David Ring

= David Ring =

American evangelist

David Ring (born 28 October 1953) is a Christian evangelist and motivational speaker who has cerebral palsy. Ring has, since 1973, challenged thousands of people with his signature message: "I have cerebral palsy... What's your problem?" He currently resides in Nashville, Tennessee, with his wife and four children.

==Early years==
David Ring was born with cerebral palsy in Jonesboro, Arkansas, the seat of Craighead County, in the eastern part of the state.
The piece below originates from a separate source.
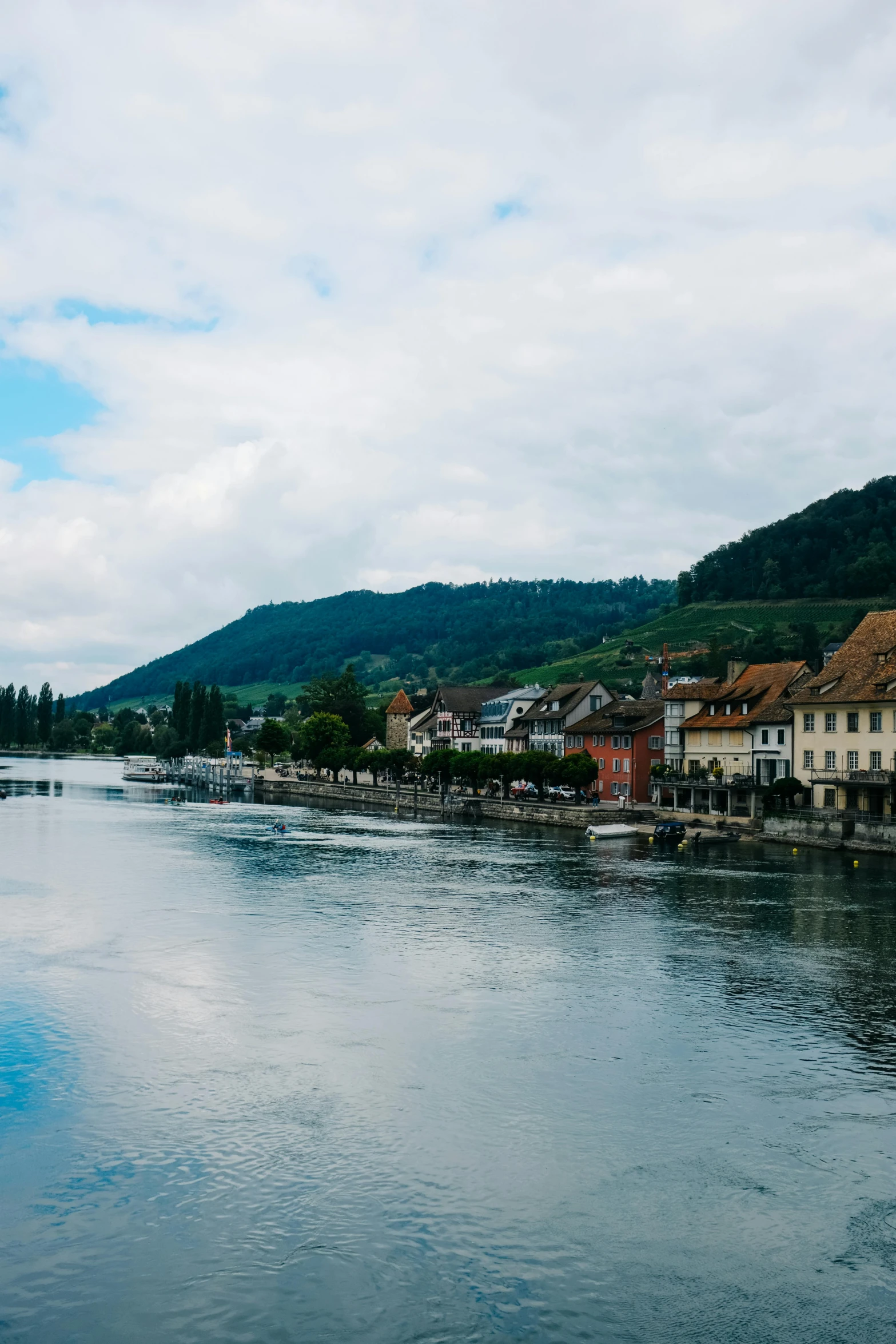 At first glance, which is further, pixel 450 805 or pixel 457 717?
pixel 457 717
His father was Baptist pastor Oscar Newton Ring. Ring's father died in 1964. Cancer took his mother four years later. Ring was hence an orphan at the age of fourteen. Depressed from the combination of losing his parents and the difficulties of his disability, Ring dropped out of high school. Ring specifically struggled with losing his mother, the only woman he believed would love him. According to Ring, he attempted to commit suicide many times over the course of the following two years due to his depression. With the encouragement of his sister, however, he gave his life to Jesus in 1970 and returned to Liberty High School in Liberty, Missouri, where he graduated in 1971. Ring earned a Bachelor of Arts degree from William Jewell College in Liberty in 1976, where he was a member of Lambda Chi Alpha fraternity.
His signature message is "I have cerebral palsy, but cerebral palsy don't have me." His now famous catch phrase (concerning Christians who make excuses regarding their faith) is: "I have cerebral palsy, and I serve the Lord with all that is within me. What's your excuse?"

==Ministry==
Ring has been a guest on The Old-Time Gospel Hour, The 700 Club, and at Bill Gaither's Praise Gathering. He has written one book Just As I Am: The Life of David Ring in 1994. Ring describes gospel musician Mike Speck as his "best friend in the whole world". Ring has been featured on broadcasts such as John Hagee’s ministry Cornerstone and James Dobson’s Focus on the Family.